Between the opening chapters and the next part of Like a Hurricane, there is a shift in the structure and the way that the text is presented. In the beginning chapters of Like A Hurricane, the text is written in a very straightforward, factual manner. This part of the book is fragmented and disconnected, as there are many stories that are sporadically placed between historical facts. In addition, these chapters follow a chronological pattern for the most part.
In contrast, starting in chapter four, the text can be classified more as a narrative than a historical account. It begins to shift from an episodic nature to having a storyline.
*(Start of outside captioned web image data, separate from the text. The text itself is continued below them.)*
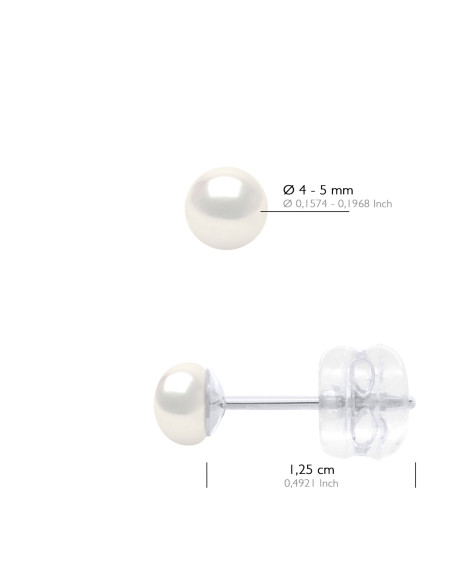 Boucles d'Oreilles - Clous Perles Rondes - Tailles de 4 à 10 mm - Système Siliconor - Or 375 - PASSY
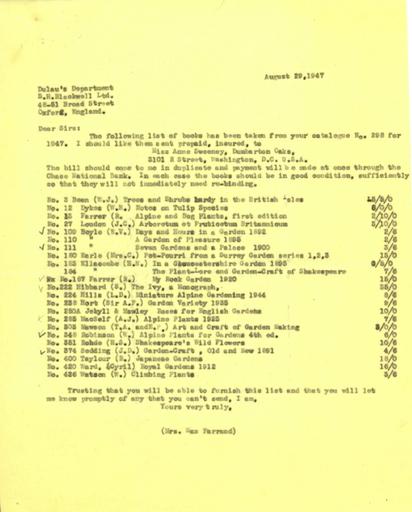 Book order from Beatrix Farrand to Dulau's Department, B.H. Blackwell, Ltd., August 29, 1947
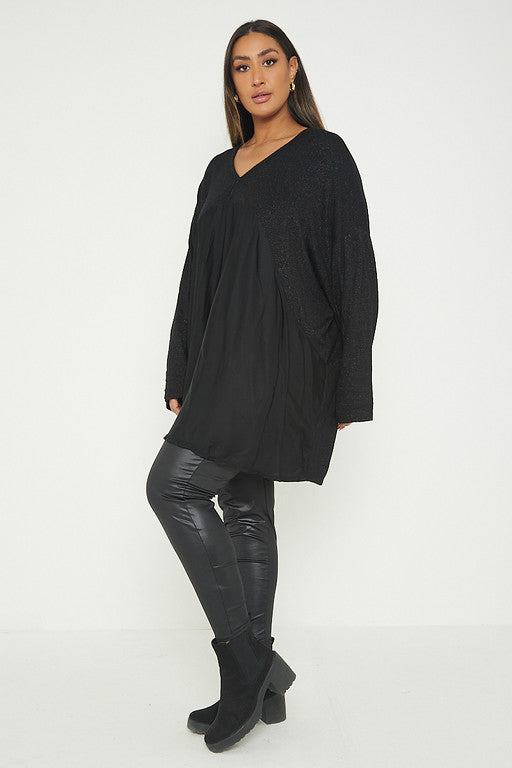 One Size Lurex Shimmer V Neck Knitted Top With Satin Front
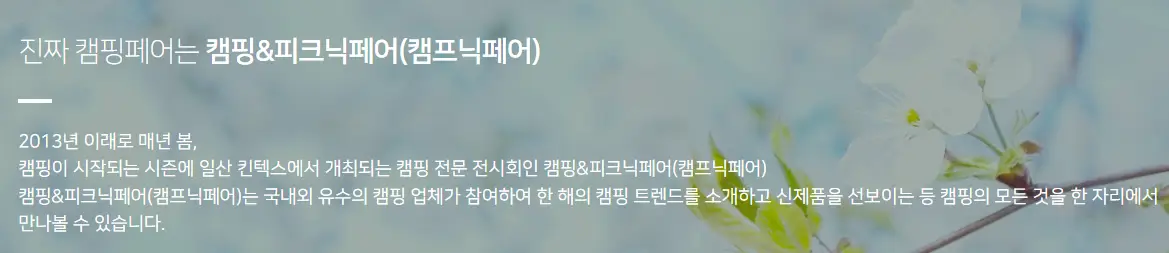 캠프닉페어 개요 안내문 사진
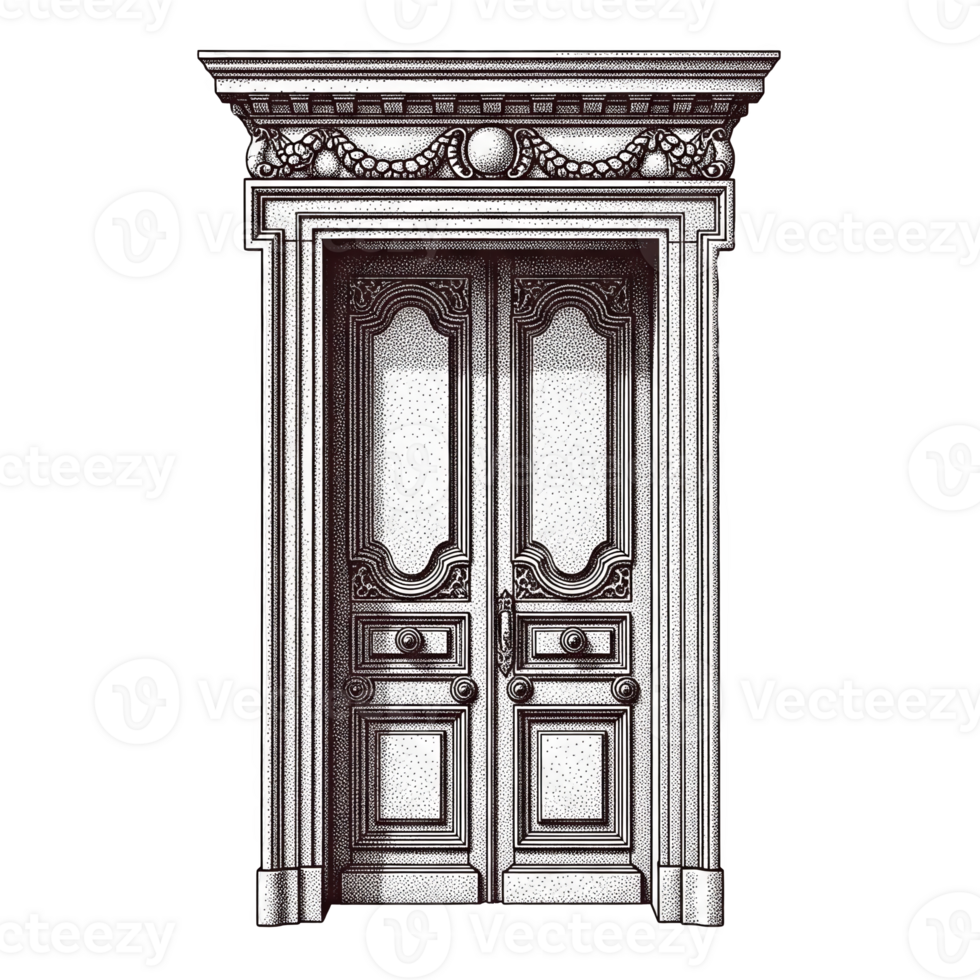 Ornate Double Door Stippled Engraving Grey White Black Architectural Entrance Isolated on a transparent background png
The first several chapters contain various stories without much reflection whereas in these next chapters, the story starts to connect more.
In addition, in this part of the book, the text becomes more descriptive and more dialogue is incorporated into these chapters than in the beginning of the book, as evidenced by the first several pages of chapter five. There are also more side notes included in this section of the text. For instance, when discussing Richard Oakes, the statement, “Where is our leader? Oh he’s too busy partying with celebrities and reading his press clippings to bother with actually showing up here anymore” is in parentheses, which demonstrates the shift of the structure from formal and rigid to more of a narrative.
The change of structure from a historical account to more of a narrative style is observed between the first two sections of the book, and the more descriptive and detailed diction and the addition of dialogue further illustrates this shift.